Terrorism experts voiced skepticism about Pompeo’s claims, saying it long has been known that senior al Qaeda operatives were given refuge in Iran but that Pompeo was exaggerating that the group has made Iran its new home base.
A source familiar with U.S. intelligence reporting analysis said the U.S. Congress has been told that there is an al Qaeda presence in Iran which ebbs and flows and arguably is tolerated by elements of the Iranian government.
However, this source said that Pompeo’s rhetoric was over the top and suggested his real objective may be to sabotage U.S. President-elect Joe Biden’s expected efforts to restart the 2015 Iran nuclear deal.
“Iran and al Qaeda are sort of strategic enemies, said analyst Charles Lister of the Middle East Institute think tank. “To paint Iran and Al Qaeda as being in a strategic relationship is far more fiction than fact.”

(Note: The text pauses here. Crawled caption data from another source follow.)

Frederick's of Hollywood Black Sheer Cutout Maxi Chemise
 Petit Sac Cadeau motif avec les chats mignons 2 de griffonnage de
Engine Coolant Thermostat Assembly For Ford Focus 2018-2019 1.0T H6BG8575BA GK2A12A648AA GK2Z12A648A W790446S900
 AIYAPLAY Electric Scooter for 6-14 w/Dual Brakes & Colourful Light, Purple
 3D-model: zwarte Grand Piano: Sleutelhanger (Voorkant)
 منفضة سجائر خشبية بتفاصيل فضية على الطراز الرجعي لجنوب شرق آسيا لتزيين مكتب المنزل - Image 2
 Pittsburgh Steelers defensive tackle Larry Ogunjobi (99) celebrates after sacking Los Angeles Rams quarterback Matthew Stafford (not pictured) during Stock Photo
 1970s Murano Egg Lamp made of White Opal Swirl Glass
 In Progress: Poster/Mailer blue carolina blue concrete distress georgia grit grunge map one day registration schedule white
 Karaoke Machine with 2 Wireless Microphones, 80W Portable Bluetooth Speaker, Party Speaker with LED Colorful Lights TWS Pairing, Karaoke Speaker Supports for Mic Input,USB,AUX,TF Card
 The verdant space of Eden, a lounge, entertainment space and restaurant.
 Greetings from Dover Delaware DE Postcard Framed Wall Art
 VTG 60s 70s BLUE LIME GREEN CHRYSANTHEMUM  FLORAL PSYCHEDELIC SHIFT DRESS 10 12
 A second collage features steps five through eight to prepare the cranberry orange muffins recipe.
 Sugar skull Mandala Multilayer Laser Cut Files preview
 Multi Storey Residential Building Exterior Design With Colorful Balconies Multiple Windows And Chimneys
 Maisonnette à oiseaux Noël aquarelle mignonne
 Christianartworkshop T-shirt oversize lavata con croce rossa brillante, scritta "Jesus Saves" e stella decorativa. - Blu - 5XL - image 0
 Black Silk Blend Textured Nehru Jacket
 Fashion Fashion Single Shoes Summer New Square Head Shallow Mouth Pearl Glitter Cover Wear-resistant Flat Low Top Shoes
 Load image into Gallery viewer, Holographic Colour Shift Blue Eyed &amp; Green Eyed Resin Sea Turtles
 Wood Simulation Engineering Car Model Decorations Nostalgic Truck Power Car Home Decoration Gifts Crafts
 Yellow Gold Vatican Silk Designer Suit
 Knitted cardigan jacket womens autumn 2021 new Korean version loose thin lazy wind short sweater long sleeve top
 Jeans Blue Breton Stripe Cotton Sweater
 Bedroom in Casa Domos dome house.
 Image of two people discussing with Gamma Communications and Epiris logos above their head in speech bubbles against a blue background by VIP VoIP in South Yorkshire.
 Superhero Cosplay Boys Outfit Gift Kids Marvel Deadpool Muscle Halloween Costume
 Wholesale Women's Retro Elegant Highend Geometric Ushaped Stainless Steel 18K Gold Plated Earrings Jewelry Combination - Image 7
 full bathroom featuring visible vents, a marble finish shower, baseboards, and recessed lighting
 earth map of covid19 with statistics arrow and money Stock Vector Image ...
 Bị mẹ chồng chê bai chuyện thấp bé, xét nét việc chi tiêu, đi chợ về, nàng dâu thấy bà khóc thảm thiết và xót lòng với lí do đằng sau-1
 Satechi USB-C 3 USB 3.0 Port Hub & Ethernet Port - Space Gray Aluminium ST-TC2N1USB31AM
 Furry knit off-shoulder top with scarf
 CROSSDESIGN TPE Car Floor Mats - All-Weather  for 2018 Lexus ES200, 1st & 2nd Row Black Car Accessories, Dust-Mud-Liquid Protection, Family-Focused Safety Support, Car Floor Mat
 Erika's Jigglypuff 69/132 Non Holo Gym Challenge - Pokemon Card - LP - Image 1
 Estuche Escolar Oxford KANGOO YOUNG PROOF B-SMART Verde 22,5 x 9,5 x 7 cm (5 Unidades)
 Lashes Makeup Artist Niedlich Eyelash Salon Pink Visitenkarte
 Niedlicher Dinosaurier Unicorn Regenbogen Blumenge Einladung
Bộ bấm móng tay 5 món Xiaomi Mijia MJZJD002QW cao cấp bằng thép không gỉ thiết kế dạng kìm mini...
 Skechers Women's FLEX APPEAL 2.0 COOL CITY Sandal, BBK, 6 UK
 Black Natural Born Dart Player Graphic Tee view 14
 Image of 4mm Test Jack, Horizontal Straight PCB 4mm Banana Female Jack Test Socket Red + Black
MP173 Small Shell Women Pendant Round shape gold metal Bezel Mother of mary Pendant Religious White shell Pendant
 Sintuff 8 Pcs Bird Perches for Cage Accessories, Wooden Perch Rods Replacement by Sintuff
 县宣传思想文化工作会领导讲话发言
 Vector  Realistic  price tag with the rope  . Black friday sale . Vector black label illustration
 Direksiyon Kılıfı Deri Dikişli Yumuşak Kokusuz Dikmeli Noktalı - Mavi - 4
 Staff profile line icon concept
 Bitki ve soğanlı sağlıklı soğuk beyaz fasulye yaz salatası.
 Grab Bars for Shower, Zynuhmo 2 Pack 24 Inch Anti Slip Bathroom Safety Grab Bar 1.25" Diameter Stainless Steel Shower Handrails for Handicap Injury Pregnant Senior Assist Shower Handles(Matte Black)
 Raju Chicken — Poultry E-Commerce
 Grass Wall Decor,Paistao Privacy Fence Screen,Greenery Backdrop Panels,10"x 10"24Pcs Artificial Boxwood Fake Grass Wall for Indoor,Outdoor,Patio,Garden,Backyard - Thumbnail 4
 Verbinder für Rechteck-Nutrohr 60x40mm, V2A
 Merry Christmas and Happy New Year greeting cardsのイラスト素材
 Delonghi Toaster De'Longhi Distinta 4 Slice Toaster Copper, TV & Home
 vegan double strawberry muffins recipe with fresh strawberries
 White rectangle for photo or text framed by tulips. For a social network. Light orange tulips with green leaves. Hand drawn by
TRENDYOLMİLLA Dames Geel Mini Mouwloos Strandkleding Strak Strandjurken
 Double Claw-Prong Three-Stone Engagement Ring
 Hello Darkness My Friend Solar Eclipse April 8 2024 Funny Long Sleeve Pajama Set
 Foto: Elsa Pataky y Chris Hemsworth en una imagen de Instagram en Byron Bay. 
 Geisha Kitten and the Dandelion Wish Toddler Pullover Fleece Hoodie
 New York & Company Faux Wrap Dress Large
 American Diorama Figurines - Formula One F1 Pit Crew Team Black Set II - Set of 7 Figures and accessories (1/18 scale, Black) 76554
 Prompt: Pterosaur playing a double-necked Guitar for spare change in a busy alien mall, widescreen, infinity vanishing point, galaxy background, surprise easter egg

Shi’ite Iran and al Qaeda, a Sunni Muslim group, have long been sectarian foes.
Pompeo said the United States had imposed sanctions on Iran-based two al Qaeda leaders – Muhammad Abbatay, also known as Abd al-Rahman al Maghrebi, and Sultan Yusuf Hasan – and on three leaders of the al Qaeda Kurdish Battalions, a group operating on the Iran-Iraq border.
He said the State Department would offer a reward of up to $7 million for information leading to al Maghrebi.
On Twitter, Iranian Foreign Minister Mohammad Javad Zarif dismissed Pompeo’s accusations as “warmongering lies.”
Alireza Miryousefi, spokesman for Iran’s mission to the United Nations, described Pompeo’s comments as “preposterous, false accusations.”
Iran has been a target throughout the Trump administration and Pompeo has sought to further ratchet up pressure on Iran in recent weeks with more sanctions and heated rhetoric.
Biden advisers believe the Trump administration is trying to make it harder for him to re-engage with Iran and seek to rejoin the 2015 international deal on restraining Iran’s nuclear program. U.S.-Iranian relations have deteriorated since 2018 when Trump abandoned that deal, which curbed its nuclear activities in return for the lifting of economic sanctions.